Pedir ayuda está bien
Los asistentes de salud en el hogar se contratan generalmente para ayudar a los clientes con las actividades diarias que tal vez no puedan realizar por sí mismos. Sin esa ayuda, muchos necesitarían un hogar de ancianos u otra instalación. Michelle Mack aprendió que buscar ayuda cuando es necesario es inteligente. Su lección de vida espigó: Ser fuerte pero pedir ayuda si es necesario.

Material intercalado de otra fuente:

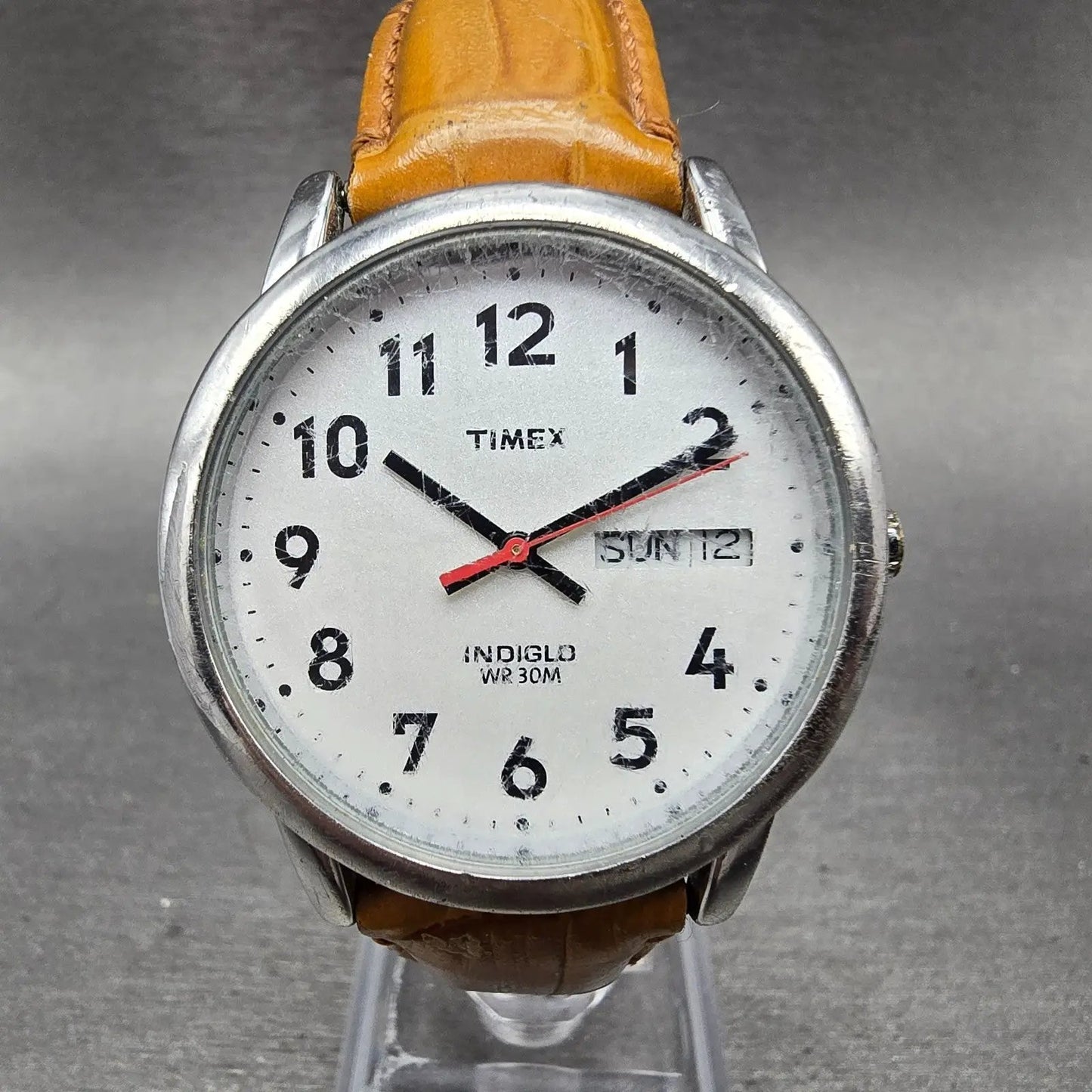 Timex Easy Reader Watch Men 35mm Silver Dial Silver Tone Daydate New Battery0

El día más importante de tu vida es hoy
Mis clientes me han enseñado que la vida es preciosa y siempre cambiante, dice Tami Salley. Puedes tratar de planear tu futuro, pero prepárate para lo desconocido, y vivir cada día al máximo. La vida va rápido, dice Tricia Palmieri. Disfruta cada momento, el bueno y el malo. Kaci Stephenson, enfermera de un hospicio en casa, comenta: He aprendido mucho de mis pacientes. Vivir cada día como si fuera el último. Nunca se nos promete mañana y la mayoría de mis pacientes están en su último tramo, pero incluso en esas horas finales me han enseñado que cada segundo de nuestras vidas cuenta y que hay que aprovecharlo al máximo. Tengo otro paciente que me dijo que siempre tomara un día a la vez. No te preocupes por las cosas pequeñas. Realmente ha cambiado mi perspectiva.